= British Eagle (bicycle company) =

British Eagle cycle company logo from 1989 catalogue

British Eagle was a cycle manufacturer, initially based in Mochdre near Newtown, Powys, that previously closed in the mid-1990s. At some point it received financial support from the Development Board for Rural Wales.
UK Companies house shows British Eagle Cycles Limited was dissolved on 5 July 1994. A similarly named "British Eagle Cycle Company Limited" was registered in Peterborough on 11 July 1989 and dissolved on 29 June 2004. It seems to have been associated with Falcon Cycles and Coventry Eagle. Recently in 2020 "British Eagle" registered with Brothers Bike Co INDIA.
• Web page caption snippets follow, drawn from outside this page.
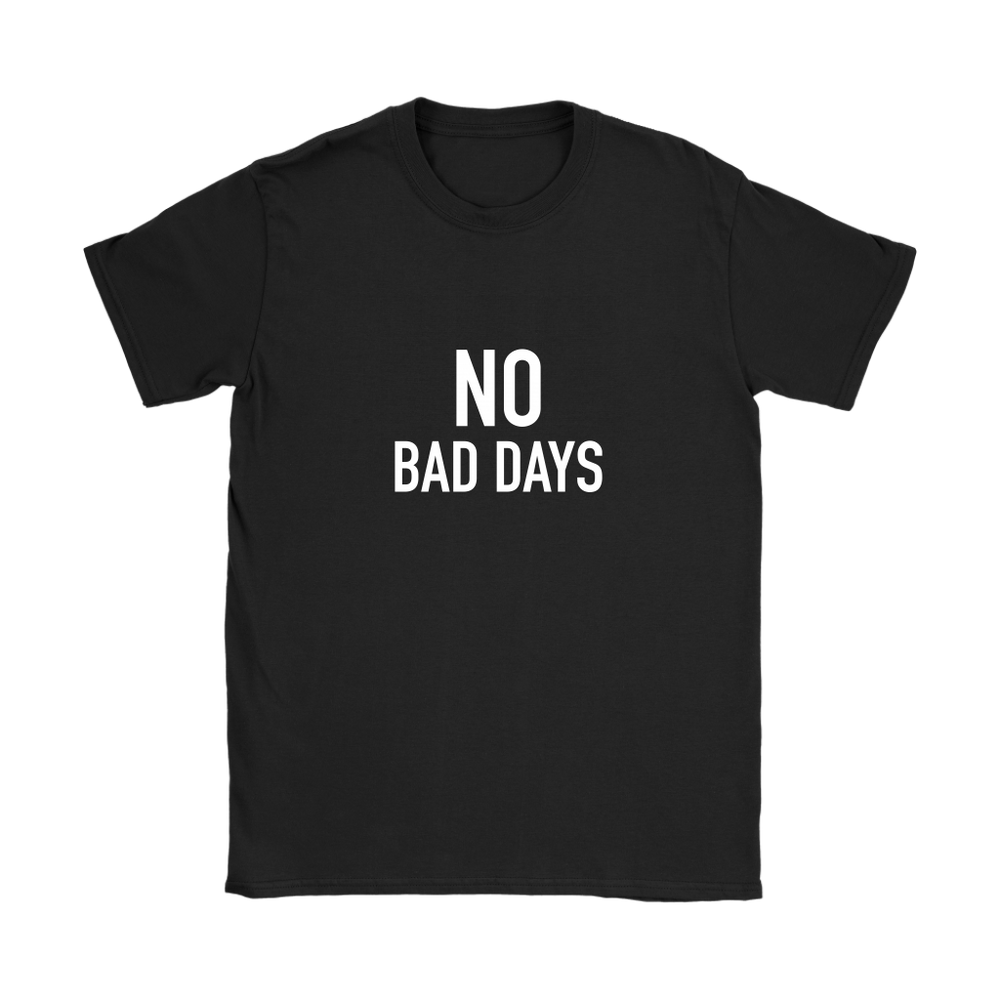 No Bad Days Women's T-Shirt White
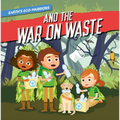 Earth's Eco-Warriors and the War on Waste - Library Binding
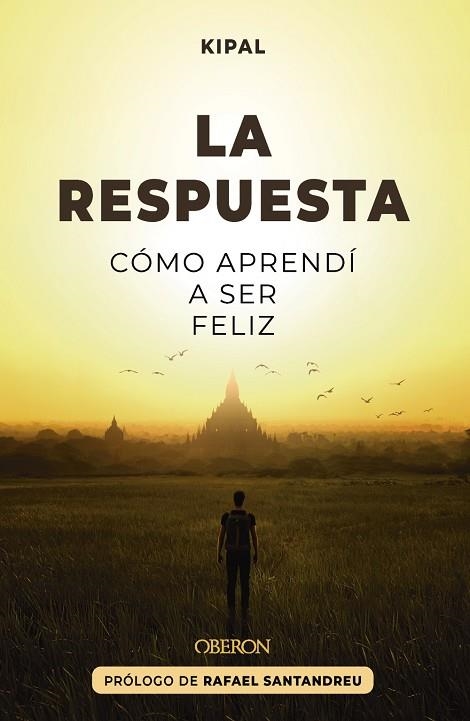 LA RESPUESTA: CÓMO APRENDÍ A SER FELIZ | 9788441550469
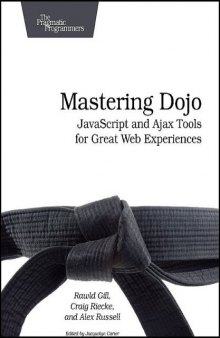Mastering Dojo: JavaScript and Ajax Tools for Great Web Experiences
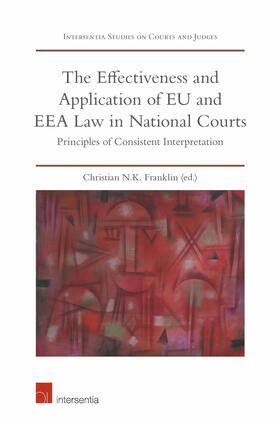 Franklin | The Effectiveness and Application of Eu and Eea Law in National Courts | Buch | 978-1-78068-655-4 | sack.de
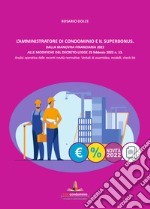 L'amministratore di condominio e il Superbonus. Dalla manovra finanziaria 2022 alle modifiche del Decreto Legge 25 febbraio 2022 n.13. Analisi operativa delle recenti novità normative. Verbali di assemblea, modelli, check list.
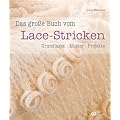 Das gro�e Buch vom Lace-Stricken: Grundlagen, Muster, Projekte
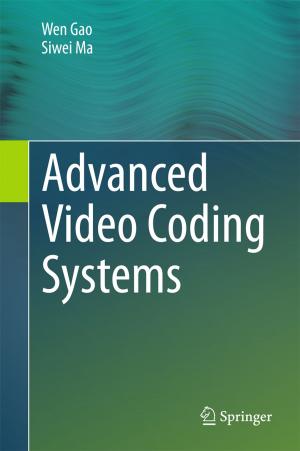 Cover of the book Advanced Video Coding Systems by Carl Ratner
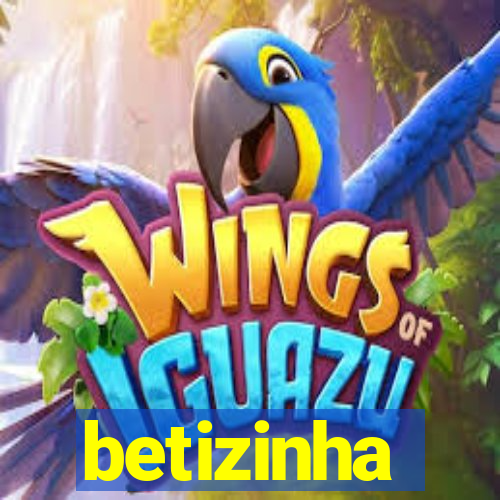 betizinha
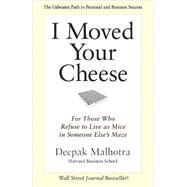 I Moved Your Cheese For Those Who Refuse to Live as Mice in Someone Else's Maze by Malhotra, Deepak, 9781609949761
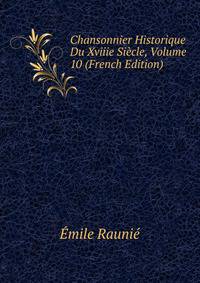 Chansonnier Historique Du Xviiie Siecle, Volume 10 (French Edition)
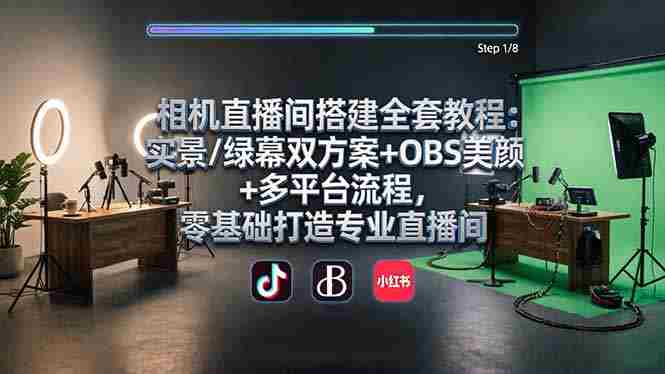 （18040期）相机直播间搭建全套教程：实景/绿幕双方案+OBS美颜+多平台流程，零基础打造专业直播间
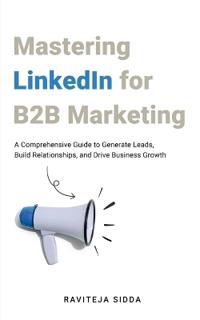 Mastering LinkedIn for B2B Marketing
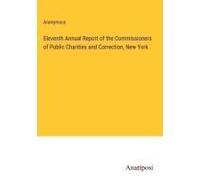 Eleventh Annual Report Of The Commissioners Of Public Charities And Correction, New York
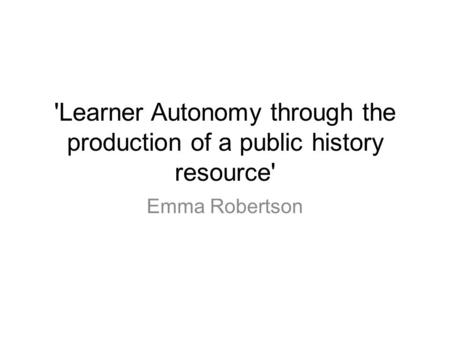 'Learner Autonomy through the production of a public history resource' Emma Robertson.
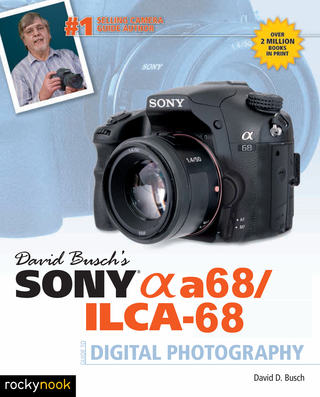 Cover image: David Busch's Sony Alpha a68/ILCA-68 Guide to Digital Photography 9781681981666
Professional cyclist Barry Hoban was the company's marketing manager.

A touring frame, named Touristique, made from 531ST Reynolds steel with Shimano 500LX groupset including Biopace chainring appears the most remembered model.
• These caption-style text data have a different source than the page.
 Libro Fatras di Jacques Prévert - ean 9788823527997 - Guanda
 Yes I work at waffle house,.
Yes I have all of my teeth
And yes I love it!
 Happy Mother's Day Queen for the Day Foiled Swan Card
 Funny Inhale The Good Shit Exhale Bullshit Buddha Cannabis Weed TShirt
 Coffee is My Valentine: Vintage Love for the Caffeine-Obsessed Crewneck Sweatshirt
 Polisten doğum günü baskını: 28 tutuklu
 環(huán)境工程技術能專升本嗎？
British Eagle Touristique from 1989 catalogue

The company may have also produced competition frames, the Campionissimo and Primavera.

The 1989 catalogue lists seven mountain-bikes: Volcanic, Fireball, Shadow, Summit, Inferno, Fuego, Capri; one tourer, the Touristique, and a road bike, Competition.

The brand name has more recently appeared on bikes sold by supermarkets. ASDA were criticised by cycling and mainstream press for displaying the bike set up with the front forks reversed.

The brand is now owned by MV Sports & Leisure, alongside a range of largely children-oriented branded sports toys. MV Sports is a subsidiary of Tandem Group, which also owns Dawes and Claud Butler under other subsidiaries.